▸ **Task goal**
Please repeat only the stretch of records running from the first line through the line that contains "Little Bassett Bed".

▸ **Scraped caption text data**

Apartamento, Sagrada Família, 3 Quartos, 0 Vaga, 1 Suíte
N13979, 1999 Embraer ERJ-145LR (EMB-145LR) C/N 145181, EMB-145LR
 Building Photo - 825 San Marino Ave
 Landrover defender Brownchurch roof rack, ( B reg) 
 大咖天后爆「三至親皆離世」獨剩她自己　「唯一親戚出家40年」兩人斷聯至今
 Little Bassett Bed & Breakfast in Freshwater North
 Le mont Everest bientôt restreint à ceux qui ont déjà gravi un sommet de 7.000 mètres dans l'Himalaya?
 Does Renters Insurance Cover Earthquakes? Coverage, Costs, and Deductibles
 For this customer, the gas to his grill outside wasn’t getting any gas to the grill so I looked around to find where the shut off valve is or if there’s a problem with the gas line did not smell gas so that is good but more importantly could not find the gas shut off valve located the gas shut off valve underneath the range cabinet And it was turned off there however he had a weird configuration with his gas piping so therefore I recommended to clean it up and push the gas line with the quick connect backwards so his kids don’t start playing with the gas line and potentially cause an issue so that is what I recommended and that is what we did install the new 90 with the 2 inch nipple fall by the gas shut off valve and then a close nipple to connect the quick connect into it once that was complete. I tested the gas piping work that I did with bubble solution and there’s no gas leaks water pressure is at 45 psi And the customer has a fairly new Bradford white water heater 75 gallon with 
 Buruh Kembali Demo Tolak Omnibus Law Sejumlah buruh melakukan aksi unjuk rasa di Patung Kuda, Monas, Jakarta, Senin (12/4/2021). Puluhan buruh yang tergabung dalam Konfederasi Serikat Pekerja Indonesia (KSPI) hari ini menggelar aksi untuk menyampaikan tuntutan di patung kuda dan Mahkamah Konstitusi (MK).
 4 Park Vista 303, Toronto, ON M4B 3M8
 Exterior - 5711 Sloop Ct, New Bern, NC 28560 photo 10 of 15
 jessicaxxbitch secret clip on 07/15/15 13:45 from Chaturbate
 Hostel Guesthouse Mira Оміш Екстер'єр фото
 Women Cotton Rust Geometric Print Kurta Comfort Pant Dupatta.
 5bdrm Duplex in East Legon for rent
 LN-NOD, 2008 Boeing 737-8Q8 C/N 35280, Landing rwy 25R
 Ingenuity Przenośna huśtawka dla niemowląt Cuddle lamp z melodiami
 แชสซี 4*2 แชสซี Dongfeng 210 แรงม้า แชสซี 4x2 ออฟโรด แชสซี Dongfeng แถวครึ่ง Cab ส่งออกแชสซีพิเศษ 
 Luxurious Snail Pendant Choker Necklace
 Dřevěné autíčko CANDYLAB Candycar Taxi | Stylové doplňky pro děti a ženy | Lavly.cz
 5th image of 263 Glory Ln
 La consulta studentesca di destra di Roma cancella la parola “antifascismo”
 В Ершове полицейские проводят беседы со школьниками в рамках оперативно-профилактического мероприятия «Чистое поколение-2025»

▸ **Result for this exercise**
Apartamento, Sagrada Família, 3 Quartos, 0 Vaga, 1 Suíte
N13979, 1999 Embraer ERJ-145LR (EMB-145LR) C/N 145181, EMB-145LR
 Building Photo - 825 San Marino Ave
 Landrover defender Brownchurch roof rack, ( B reg) 
 大咖天后爆「三至親皆離世」獨剩她自己　「唯一親戚出家40年」兩人斷聯至今
 Little Bassett Bed & Breakfast in Freshwater North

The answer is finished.